Checkbox marketing is the kind of old-school, analog marketing that celebrates the success of basic KPIs, but fails to determine if those KPIs were the ones that matter. Let me give an example.

At one time, it was believe that a certain number of exposures to brand message would lead to users taking action. Let’s say that it was seven exposures, so we have an index number. That meant that your job as a marketer was to get your brand message in front of the same person at least seven times. In classic, analog media, that meant multi-channel advertising.

Advertisers could purchase impressions based on the profile of the viewer or reader or listener. So, if you wanted to target a certain key demographic, say males 18-25, you could place ads that would help you reach them fellas. To reach your magical seven impressions, you bought enough ads to help you check the box that you did your job. This was the way media and advertising worked for over a hundred years.

Since the media was structured as a one-way communications medium, it actually worked. People huddled around the television to consume content and they were exposed to commercial messages. People read newspapers to get information and they were exposed to commercial messages. People listened to broadcast radio and they were exposed to commercial messages. If you wanted to reach people, you just had to find a newspaper, magazine, television show, or radio show that matched your demographic goals, buy the ad, and let it run.

Okay, there was a lot more to it than that, but for the purposes of content marketing and media strategy, this was a cornerstone of marketing strategy. As a marketer, you worked with your partners in paid advertising to develop events, sponsorships, stunts, live demos, and a myriad of other engagements that were designed to support brand message and reach the magical number of seven impressions.

It might sound like I’m being deeply critical of checkbox marketing, but that’s not really true. At the time, marketers did the best the could with the tools they had. Before the Internet, we had media blasted “at” us. Now we pull media “to” us. Big difference.

Modern Measurement + the New Gatekeepers (Us)

It’s still possible to reach certain personas through traditional exposure and many brands benefit from repeat message exposure. Television is not dead, but it’s no longer the only broad-based platform for media and the gatekeepers are no longer insulated from two-way communications. Traditional media gatekeepers were church-and-state-separated from their advertisers (ostensibly) as well as their viewers/readers/listeners. Modern television is now part of the social-media revolution and is (in many cases) deeply involved in two-way engagements with viewers/readers/listeners and even advertisers.

I’m certainly covering a lot of history and modern media topics here, but I really want to get down to KPIs. Specifically the fact that traditional exposure-only metrics will only tell you if you delivered your message. It probably will not tell you if your message (which, yes, you did deliver) is actually what moved your target user to change his behavior.

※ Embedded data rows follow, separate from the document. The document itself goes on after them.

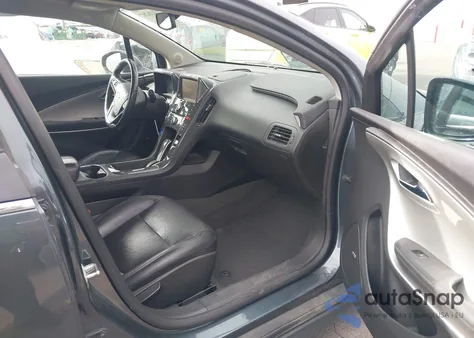 2012 Chevrolet Volt from USA, damaged, VIN 1G1RB6E42CU123014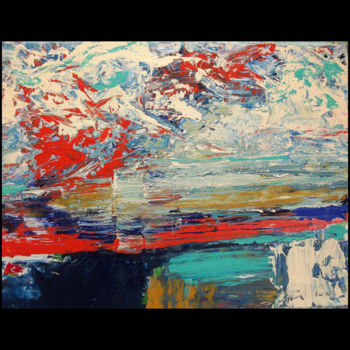 Painting titled "3-3-day-40x50-2011.…" by Steve Beck, Original Artwork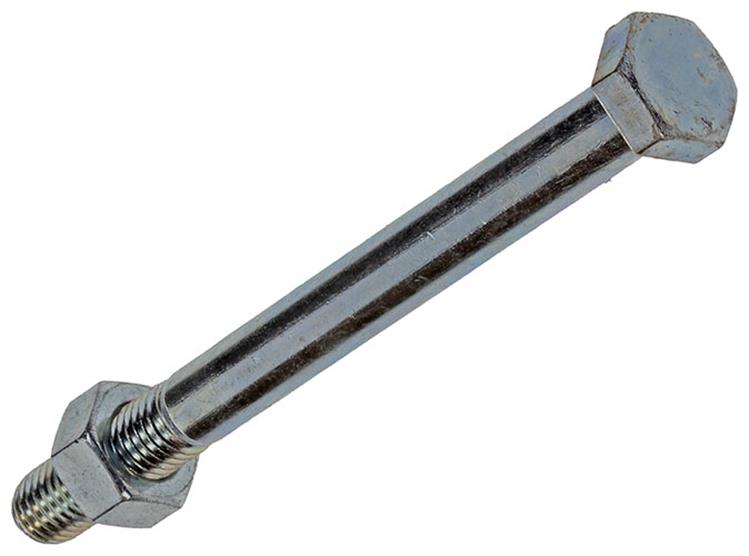 Mack 1017637 - perno mecanico + tuerca acero galvanizado 1 ud m12 x 160 mm | 10 piezas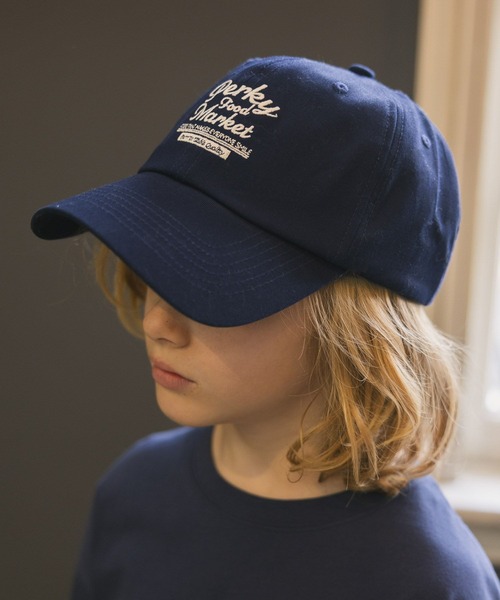 GLOBAL WORK（グローバルワーク）の「Perky/ツイルCAP/638986（キャップ・キッズ・ネイビー/オフホワイト・MEDIUM/LARGE）」の10枚目の写真
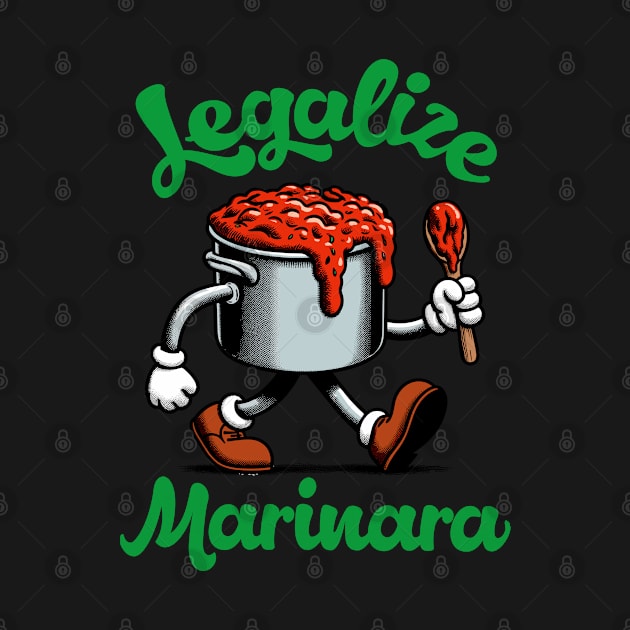 Legalize Marinara by DankFutura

Think about it. If you consider YouTube, users are presented with a message that includes an opportunity to “skip” the video after a short countdown. Someone paid to put a message in front of you. Sure, you were exposed to it, but your focus was on the gratifying moment that counted down when you could click skip. Exposure? Check. Marketing effectiveness? Questionable.

Measuring Marketing + Behavior Change

Marketing, in the case of acquisition, is about behavior change. Specifically, you want their behavior to discover, consider, and then become and active user of your product. In a broad, oversimplified way, you want your target user to go from not using your brand to using your brand. In many commercial products that means a purchase.

There are a lot of other marketing goals and KPIs associated with customer retention and evangelism, but for the purposes of this section, let’s just focus on the acquisition portion. In a retention model, we’re going to go from using a product to using more of that product, which requires many different KPIs. Specifically, it requires KPIs that indicate behavior change, which is challenging to measure, but with the right content strategy is possible.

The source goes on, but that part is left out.